Collaborating together, we’ll practice using the GitHub website and Git from the command line. Topics will include basic Git/GitHub concepts like forking, cloning, and branching, as well as best practices for maintaining a well-organized history of code changes. We’ll also use the GitHub web interface for pull requests, which are the standard mechanism for contributing to open-source projects, and we’ll ensure every participant leaves this workshop with (a) a fully setup GitHub account and (b) at least one open-source contribution.
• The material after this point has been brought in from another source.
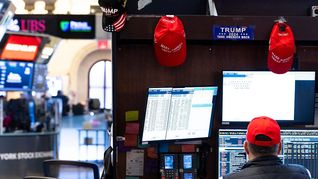 ámbito.com | Donald Trump mercados.jpg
No knowledge of Git or GitHub will be assumed, and no software will need to be installed. In order to work through interactive examples, accounts will be needed for GitHub and Google. Complete setup steps will be provided at https://github.com/saspy-bffs/wuss-2023-class

Automate your Business Processes with SAS Macros
Michael Aleman
Thursday, November 2, 2023
1:30 PM – 5:30 PM PDT
The course will be presented to leverage SAS to enhance your existing data ecosystem to automate key reports and processes to stakeholders, automate alerts when processes are run and completed, and creating automated programs that require low to no maintenance using SAS Macros. The course will go over aspects regarding the identification of processes and/or reports that are candidates for automation and benefits of maximizing your outputs. Inputs of data, internal or external (e.g. Oracle, IBM, etc.) that can be transformed into macros such as lists, table transformations, and parameters in the where clause will also be reviewed

Mastering the Machine Learning Toolkit to Power Your Classification and Regression Needs
Ryan Lafler
Thursday, November 2, 2023
1:30 PM – 5:30 PM PDT
The rise of Big Data has led to the rapid development of new statistical and machine learning models introduced in Python and SAS. Suitable for all data scientists interested in developing models using Python and SAS, this course empowers them to choose, fine-tune, optimize, and deploy powerful models that are tailored to their organization’s needs. Topics include minimizing the bias-variance tradeoff associated with choosing the right model, statistical inference vs. predictive power, generalizing models to predict beyond their training dataset, balancing model complexity with interpretability, and providing examples of each model programmed in Python and SAS. Generalized linear models, ensemble learning methods, gradient boosting, support vector machines, and multi-layered neural networks are fully developed and showcased for classification and regression applications. Code examples for each model are shown using SAS/STAT High-Performance (HP) Procedures and popular Python packages including scikit-learn, Statsmodels, and TensorFlow.